We’ve seen court cases regarding social media. You can go to jail for things that you say publicly on there. You can be fired from your job because of it. But, now, it appears there’s underground sting operations happening with law enforcement officials on social media. That’s creepy to think about.
It is. It’s like the wild west. You don’t necessarily have an expectation of privacy is what they’re finding on social media. That it’s almost like, as a former courts and crime reporter myself, when you’d go out to the scene of a crime you knew publicly where you could stand, where you couldn’t to get video, or to talk to people. You didn’t want to trespass. Well, in social media, those boundaries are more blurred. If you could stand out on the street and see something, then that was basically considered public domain. You were seeing what anybody could see passing by, so you weren’t trespassing. Well, in the world of social media, it’s the same thing. If you’re putting all of your business and your pictures out there for anyone to see, whether it’s the public at-large or for your newsfeed through Facebook, Instagram, you name your social media dujour.

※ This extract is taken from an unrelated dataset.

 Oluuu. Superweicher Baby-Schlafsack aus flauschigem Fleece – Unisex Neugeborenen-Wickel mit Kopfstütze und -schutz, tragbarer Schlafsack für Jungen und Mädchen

But if you have it out there for anyone to see, then you don’t have an expectation of privacy. Of course, we’re talking about the Fourth Amendment, but the rub comes in, which I thought was so interesting, like you mentioned earlier about your friend writing this, is that there is some concern that what if you have an expectation of privacy because somebody’s supposed to friend request you? Well, low and behold, it could be a cop that’s friend requested you, or an investigator who’s looking into some other case involving you, perhaps, and so they pretend to be your friend. You let them in, now they have access, but they wouldn’t have had access otherwise to potentially damaging information if they hadn’t pretended to be your friend.

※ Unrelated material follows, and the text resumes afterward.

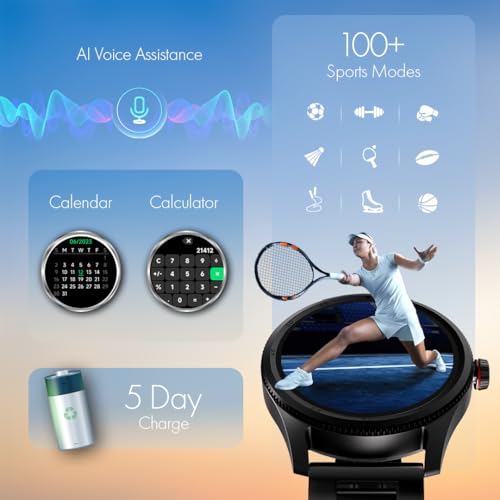 Fastrack Magnus FX1 Premium Metal Smart Watch, 1.38" UltraVU HD Display, Bright Pixel Resolution, Functional Crown, AI Voice, SingleSync BT Calling, 100+ Sports Mode & Smartwatch Faces, IP68 (Silver) SaumyasStore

What’s really creepy about it too is a lot of times, online, people are going to speak in hyperbole. They think they’re talking amongst their friends. You see a story of this horrible human being pop up and somebody says, “God, that guy shouldn’t be alive.”
Right.
Okay, it’s one thing to say that in front of your friends, or whatever, but a police officer sees that, and suddenly that little innocuous statement … You know you’re not going to do anything.
Right.
You just wanted to say it because you felt the anger. That can be used against you. That’s something that they can bring up in court and say, “Okay, right here, you said he should be alive anymore.” I bring up that statement, because I have seen that online.
Absolutely.
Not anybody saying they’re going to make that happen, but, “God, this guy’s a waste of oxygen and he should stop breathing.” It’s very creepy and the implications for this are huge, because something you say can be easily taken out of context, used in an investigation, and can ruin somebody’s life just for something silly that they say without really thinking it through.